Before becoming premier in 2006, Olmert raised large sums from Christians who heard him vow to retain Jewish control over all of the city at the heart of both religions - a condition, some believe, for bringing about their biblical vision of world peace, when "they shall beat their swords into ploughshares".


UNITED JERUSALEM

"Olmert...identified the huge potential in Christian support for Israel and he sought to tap into it," said David Parsons of the International Christian Embassy Jerusalem (ICEJ), which promotes cooperation between evangelicals and Israel.

But Olmert angered erstwhile backers when, with Bush, he relaunched talks with the Palestinians at Annapolis in November.

Those talks are at risk if Olmert quits, which he says he will do if indicted. He denies wrongdoing and aides lay blame for his troubles on unspecified opponents of the peace negotiations.

The Jerusalem issue has played into the campaigns to succeed Bush, with Barack Obama and John McCain both courting Jewish and Christian voters - and, in doing so, courting controversy.

When Obama tried to woo Jewish Democrats by saying Jerusalem "must remain undivided", Palestinian leaders protested he was prejudging negotiations. Obama said he had used "poor phrasing".

McCain's drive for support from evangelical Republicans went awry when he had to disown an endorsement from Texan preacher John Hagee - after media reported Hagee's view of the Holocaust as part of God's biblical plan for the Jews to move to Israel.

Some Israelis criticise Olmert for embracing evangelicals, including Hagee, who visited Olmert in Jerusalem in April.

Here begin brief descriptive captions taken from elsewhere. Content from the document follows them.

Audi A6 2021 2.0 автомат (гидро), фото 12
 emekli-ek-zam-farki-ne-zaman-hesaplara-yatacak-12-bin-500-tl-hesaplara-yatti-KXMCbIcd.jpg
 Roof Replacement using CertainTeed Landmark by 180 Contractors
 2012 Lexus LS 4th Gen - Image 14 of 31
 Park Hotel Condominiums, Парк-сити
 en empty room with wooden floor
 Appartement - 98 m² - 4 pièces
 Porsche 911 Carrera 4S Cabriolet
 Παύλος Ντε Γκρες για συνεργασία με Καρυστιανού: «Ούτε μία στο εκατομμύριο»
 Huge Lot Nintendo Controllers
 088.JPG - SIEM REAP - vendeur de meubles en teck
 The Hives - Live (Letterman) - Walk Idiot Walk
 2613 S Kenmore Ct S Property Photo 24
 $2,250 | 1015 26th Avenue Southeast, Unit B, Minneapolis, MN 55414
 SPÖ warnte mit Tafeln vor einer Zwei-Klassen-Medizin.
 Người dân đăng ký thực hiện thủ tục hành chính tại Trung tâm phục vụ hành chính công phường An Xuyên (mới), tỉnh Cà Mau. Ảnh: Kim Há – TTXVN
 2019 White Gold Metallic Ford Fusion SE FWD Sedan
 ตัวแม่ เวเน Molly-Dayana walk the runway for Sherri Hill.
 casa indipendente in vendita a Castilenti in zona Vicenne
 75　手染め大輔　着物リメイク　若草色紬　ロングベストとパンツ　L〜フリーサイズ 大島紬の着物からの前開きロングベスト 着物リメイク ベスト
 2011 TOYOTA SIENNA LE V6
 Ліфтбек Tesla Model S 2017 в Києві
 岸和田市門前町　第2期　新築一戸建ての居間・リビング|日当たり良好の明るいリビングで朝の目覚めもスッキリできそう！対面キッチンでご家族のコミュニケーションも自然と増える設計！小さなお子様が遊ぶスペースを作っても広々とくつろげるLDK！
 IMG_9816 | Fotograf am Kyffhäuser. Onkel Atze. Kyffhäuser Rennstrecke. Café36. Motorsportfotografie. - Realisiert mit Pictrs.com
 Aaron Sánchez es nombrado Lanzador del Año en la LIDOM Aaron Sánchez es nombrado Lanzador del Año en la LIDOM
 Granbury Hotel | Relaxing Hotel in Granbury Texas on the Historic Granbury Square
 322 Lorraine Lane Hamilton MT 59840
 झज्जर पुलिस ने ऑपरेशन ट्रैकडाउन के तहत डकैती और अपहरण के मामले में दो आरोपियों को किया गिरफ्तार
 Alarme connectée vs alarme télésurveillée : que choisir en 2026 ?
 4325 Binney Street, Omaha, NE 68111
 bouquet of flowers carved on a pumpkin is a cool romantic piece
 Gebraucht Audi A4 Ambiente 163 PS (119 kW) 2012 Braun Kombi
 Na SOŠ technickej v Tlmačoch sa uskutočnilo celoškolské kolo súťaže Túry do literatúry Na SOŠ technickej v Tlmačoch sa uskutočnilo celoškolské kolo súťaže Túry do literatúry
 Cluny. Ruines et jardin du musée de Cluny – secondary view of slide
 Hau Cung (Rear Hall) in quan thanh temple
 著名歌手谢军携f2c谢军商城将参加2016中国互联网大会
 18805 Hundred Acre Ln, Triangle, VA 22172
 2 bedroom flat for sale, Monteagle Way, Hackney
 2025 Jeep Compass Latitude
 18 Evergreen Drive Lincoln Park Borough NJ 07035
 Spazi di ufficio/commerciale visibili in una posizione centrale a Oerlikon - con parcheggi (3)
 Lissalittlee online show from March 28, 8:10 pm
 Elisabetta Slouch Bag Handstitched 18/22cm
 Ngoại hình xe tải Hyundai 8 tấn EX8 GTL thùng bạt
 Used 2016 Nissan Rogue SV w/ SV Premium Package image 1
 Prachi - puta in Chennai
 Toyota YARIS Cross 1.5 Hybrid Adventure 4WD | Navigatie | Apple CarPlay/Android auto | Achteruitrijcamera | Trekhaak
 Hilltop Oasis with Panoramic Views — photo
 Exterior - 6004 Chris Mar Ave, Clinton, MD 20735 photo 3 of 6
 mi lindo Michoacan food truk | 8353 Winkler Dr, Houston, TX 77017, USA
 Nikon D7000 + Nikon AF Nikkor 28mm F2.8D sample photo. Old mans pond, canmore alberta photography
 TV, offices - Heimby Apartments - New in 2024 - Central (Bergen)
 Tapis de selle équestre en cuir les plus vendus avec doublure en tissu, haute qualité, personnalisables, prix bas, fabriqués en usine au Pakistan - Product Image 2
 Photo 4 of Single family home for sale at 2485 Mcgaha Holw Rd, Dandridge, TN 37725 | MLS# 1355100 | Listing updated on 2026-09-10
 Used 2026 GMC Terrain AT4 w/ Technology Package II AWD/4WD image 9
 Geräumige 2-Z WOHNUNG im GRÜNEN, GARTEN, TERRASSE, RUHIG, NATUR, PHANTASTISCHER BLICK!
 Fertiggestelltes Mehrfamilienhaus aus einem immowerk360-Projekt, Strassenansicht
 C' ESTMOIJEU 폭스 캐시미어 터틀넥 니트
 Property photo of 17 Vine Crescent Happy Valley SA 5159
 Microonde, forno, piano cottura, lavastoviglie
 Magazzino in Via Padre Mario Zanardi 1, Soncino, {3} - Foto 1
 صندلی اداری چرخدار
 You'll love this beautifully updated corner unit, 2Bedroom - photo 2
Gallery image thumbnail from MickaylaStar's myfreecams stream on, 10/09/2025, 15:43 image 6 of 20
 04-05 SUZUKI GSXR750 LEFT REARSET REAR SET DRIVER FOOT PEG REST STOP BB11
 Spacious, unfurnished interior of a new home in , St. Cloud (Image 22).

The critics say some Christians' goal in supporting Israel is to provoke the prophesied apocalyptic showdown between good and evil in which Jews must perish or be converted to Jesus.

"Do we still need to point out that Jesus can return only after Armageddon and to this end it is best if Israel continues to be at war?" rival politician Colette Avital wrote last month.

Yet Olmert, who once called the Christian community the most politically powerful in the world, was not the first Israeli politician to tap the evangelicals for money. He was, however, one of the most aggressive after being elected mayor in 1993.

"Olmert gets it," said Yechiel Eckstein, founder of a group that has raised nearly $500 million for Israeli and Jewish causes, mainly from Christians. Eckstein, a rabbi, set up the International Fellowship of Christians and Jews in 1983.

Olmert's bond with evangelicals is rooted in his platform as mayor of keeping Jerusalem united. Palestinians accuse him of spearheading Jewish settlement round the city, dividing Arab East Jerusalem from the West Bank, both occupied by Israel in 1967.

Olmert headed the New Jerusalem Foundation, set up in 2000 to fund charity projects in the city, and records filed with Israel's Justice Ministry show that groups like Eckstein's International Fellowship were among the largest donors.

In Israel, the New Jerusalem Foundation, which is now headed by Olmert's successor as mayor, said in a statement to Reuters that it was not under investigation and described the US branch as a "separate legal entity" that it never oversaw.

Public documents indicate financial links between the two.


MILK COW GOES SOUR

"The United States is one of the best milking cows in the world. You come to the United States and you milk," said Ranan Gissin, an aide to former prime minister Ariel Sharon.

"It's not just the money. It's the political support. We're talking about 70 million people," Gissin said of evangelicals.

Olmert was long a familiar speaker on the US fundraising lunch and dinner circuit. Public records show that, for example, he attended a series of three meetings in churches organised by a group known as the Jerusalem Prayer Team, whose founder Mike Evans's stated mission is "to protect the Jewish people...until Israel is secure and the redeemer comes to Zion".

From 2002 to 2004, church fundraisers organised by the Jerusalem Prayer Team, including the one in Dallas, raised $239,300 for the New Jerusalem Foundation. NJF records say it spent its money on parks, charity meals and other programmes.

But Olmert's relationship with many Christians has soured.

"I think he's changed over the years and power can do that," said one pastor who attended Olmert's fundraisers in the past.

"I don't think it's the same Ehud Olmert that we knew."

Evangelicals did not oppose all talks, Gissin said, but were firmly against "giving away holy real estate like Jerusalem".

A group of Christian leaders, including George Morrison from Colorado, met Olmert in April: "When he was mayor, he found a friend in evangelical Christians and evangelical Christians found someone strong on Jerusalem," Morrison said. But now many Christians were "questioning if he is on the same page".

In a declaration he read to Olmert on behalf of the group, which also included Hagee and Evans, Morrison assured the prime minister that American evangelicals could mobilise to try to stop Bush or his successor pressing Israel into giving up land.

In January, Evans made clear his view of Annapolis: "I was completely outraged when I heard that Ehud Olmert, whom I have known for 26 years, stood next to President Bush and declared that he would work to fulfill the final status solution.

"This means the division of Jerusalem," he wrote on his Web site. "I will do everything in my power to resist that."